化学の基本を実感!酸化銅の質量比から学ぶ「定比例の法則」(一定組成の法則)
一定組成の法則を体感する――銅の加熱実験で「定比例の法則」に迫る!
中学理科の化学分野で扱う「一定組成の法則(定比例の法則)」は、生徒にとって少し抽象的に感じられる単元の一つです。単なる知識の暗記にとどまらず、実験を通して“質量の比”を体感できる授業設計ができると、学習内容がぐっと生徒の中に根付きます。
そこで今回は、銅粉を加熱して酸化銅を生成し、その質量変化から酸素との一定の割合を読み取らせる実験を行いました。ポイントは、銅の質量を変えても、化合する酸素の割合が一定になることを実感させること。量的な比較をするため、複数の班で初めの銅粉の質量を変えて実験を進める工夫をしました。
実験は教室内で行いましたが、粉末が舞いやすいため、安全対策も重要です。準備と観察のポイント、実験の進め方のコツをご紹介します。
実験の概要と準備
使用する主な材料・器具
• 銅粉(350メッシュ)
• ステンレス皿
• 三脚・三角かさ
• ガスバーナー
• るつぼ鋏
• 電子天秤(2台以上あるとよい)
• 濡れ雑巾
• マスク(粉末対策)
実験方法
1最初に、電子天秤でステンレス皿の質量をはかっておきます。生徒が忘れがちなので注意が必要です。
2. 銅粉の質量を量る
→ 皿をのせた状態で電子天秤を「0」にし、銅粉を量ります。
→ 教卓に銅粉と電子天秤を設置し、2班ずつ測定することで効率アップ。
→ 安全のため、マスクを着用した生徒のみ計量に参加。
→ 10班の場合、0.2g、0.4g、0.6g、0.8g、1.0gの5段階で振り分けました。
3. 銅粉を20分程度加熱する
→ 色の変化を観察しながらじっくりと加熱。時間の確保がポイントです。
→ 途中でかき混ぜると測定誤差につながるため、手を加えないよう指示します。
4. 加熱後、冷却して質量を測定
→ るつぼ鋏で皿を濡れ雑巾の上に移動。手で持てる温度になるまで冷やします。
5. 生成した酸化銅の質量と、化合した酸素の質量を計算
→ 最初の銅の質量との差から、反応した酸素の質量を求めさせます。
観察のポイント
次の画像は熱する前の様子です。
こちらは熱した後の様子です。
途中の様子を動画に撮りました。加熱始めの時に、色が変化していく様子を観察することができます。

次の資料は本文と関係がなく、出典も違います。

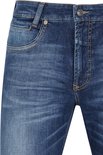 Detail van donkerblauwe jeans met lichte wassing en gele sierstiksels.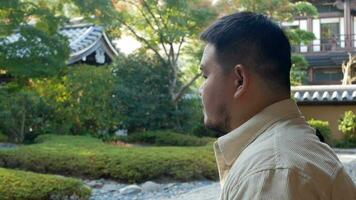 asian man enjoy relaxing breathe in japanese zen style garden in autumn daytime, relax peaceful video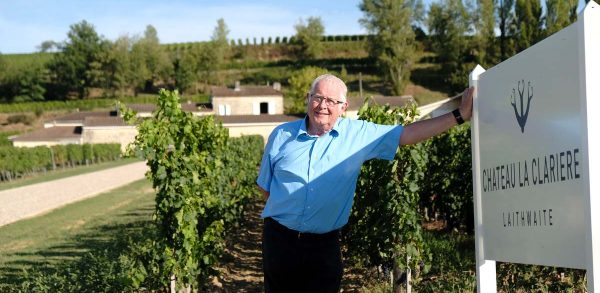 Tony Laithwaite dressed in a short-sleeved blue button down shirt, leans against the welcome sign to Chateau La Clariere. In the background are rows of grape vines.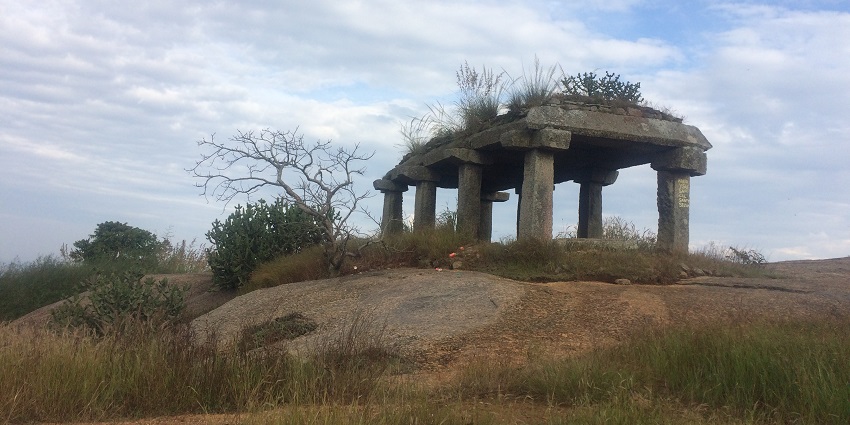 An ancient temple at the top of the Savandurga Trek is surrounded by rocky terrain and greenery.
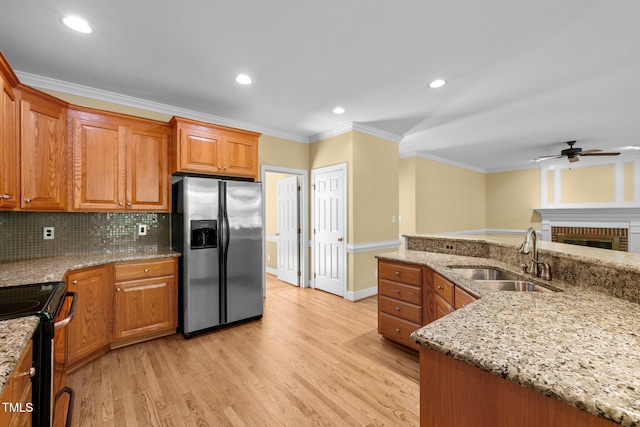 100 Silver Lining Ln, Cary, NC 27513 - kitchen with stainless steel appliances, a sink, ceiling fan, ornamental molding, and light wood-style flooring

• 加熱前の銅粉は赤褐色ですが、酸化が進むにつれて黒っぽい酸化銅に変化します。
• 「銅の質量が2倍になっても、反応した酸素の質量は比例して増えるのか?」といった疑問を持たせておくと、考察が深まります。
• 変化の様子を動画撮影し、他の班の進行と比較するのも有効です。
授業展開のヒント
• 翌時間に、各班のデータを黒板またはスプレッドシートにまとめ、グラフ化して比較。
• 「酸化銅中の銅と酸素の質量比は一定」という一定組成の法則の意味を、実測値と照らして考察。
• 計算ミスや器具操作の誤差を「誤差要因」として振り返る時間も設けると理科的リテラシーが育ちます。
次回は、実際に集まったデータから「化合した酸素と銅の質量比」を分析していきます。生徒の考察がどう深まっていくのか、今から楽しみです!